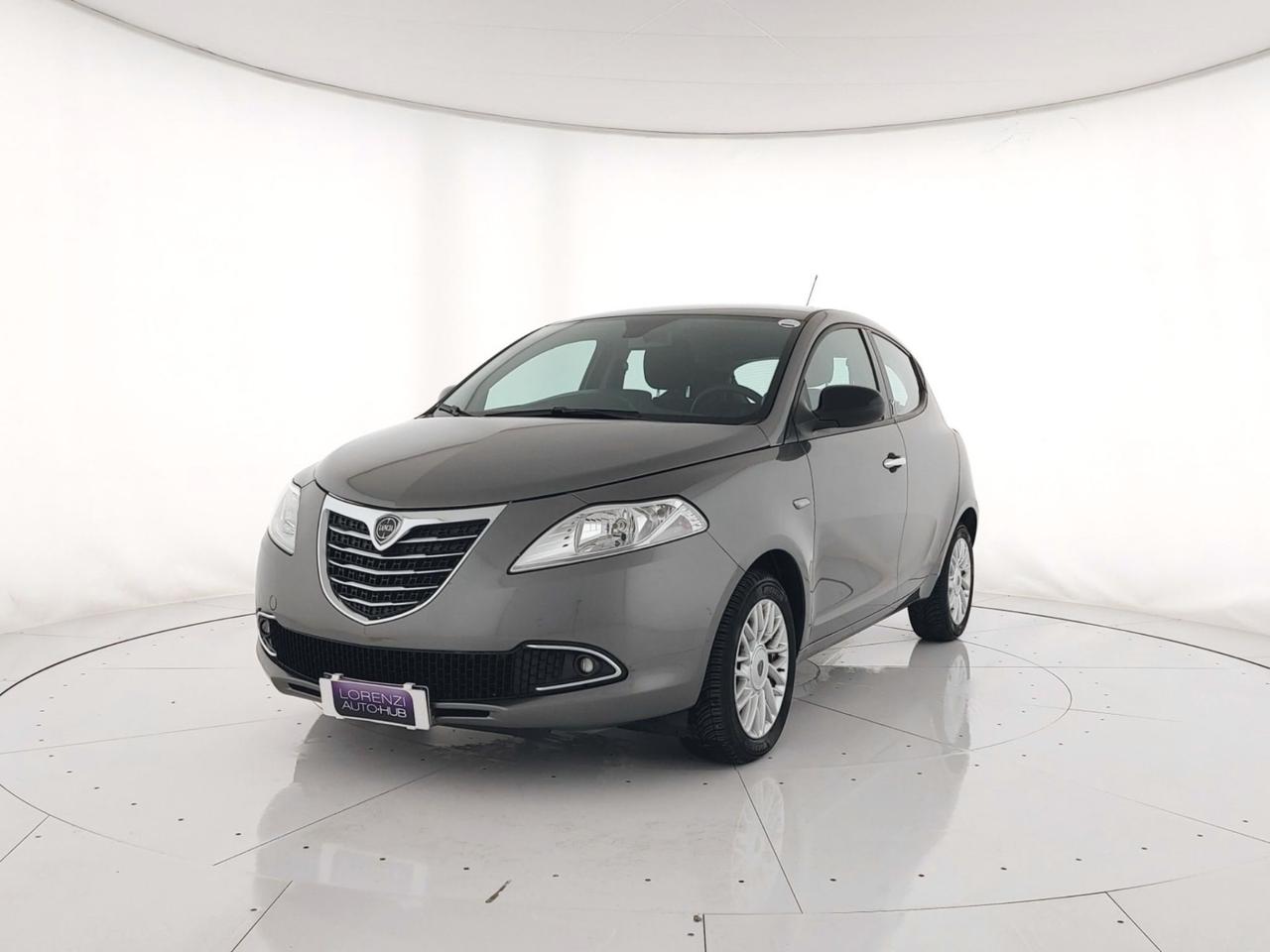 LANCIA Ypsilon 1.2 8v Silver c/clima 69cv NEOPATENTATI+ALCANTARA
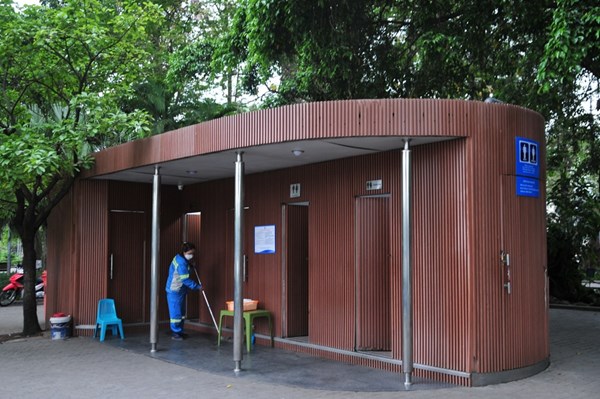 Hà Nội vận động mở cửa nhà vệ sinh miễn phí phục vụ du khách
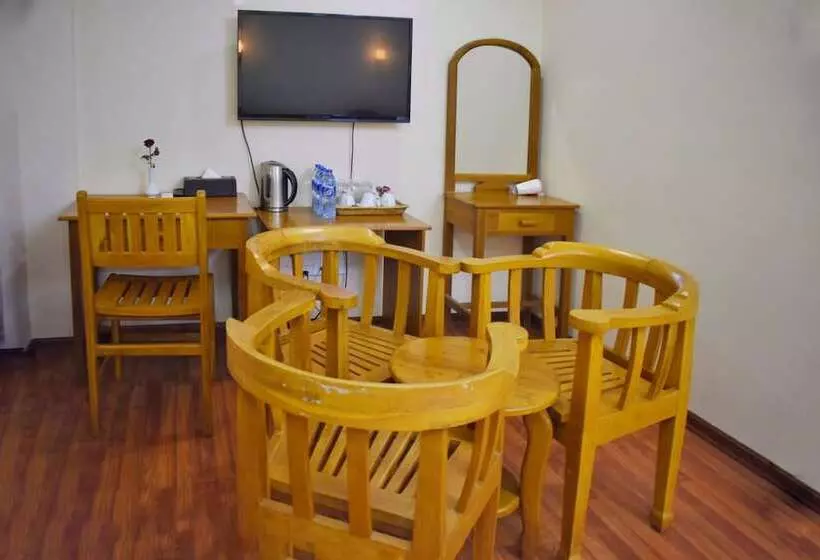 Hotel Shwe Poe Eain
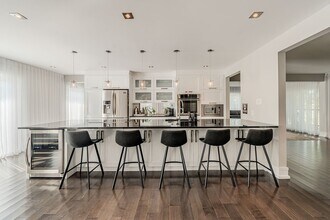 110 Chem. des Patriotes N in Mont-St-Hilaire, QC - Building Photo - Building Photo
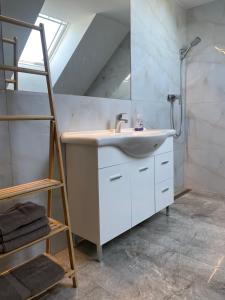 Zerko Holiday Apartment Janko with outdoor JACUZZI for FREE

---+---

» Activity:
Write each line exactly as it appears, from the line that holds "Hotel Shwe Poe Eain" through the closing line of the data above, and leave every picture out.

» Exercise response:
 Hotel Shwe Poe Eain
 110 Chem. des Patriotes N in Mont-St-Hilaire, QC - Building Photo - Building Photo
 Zerko Holiday Apartment Janko with outdoor JACUZZI for FREE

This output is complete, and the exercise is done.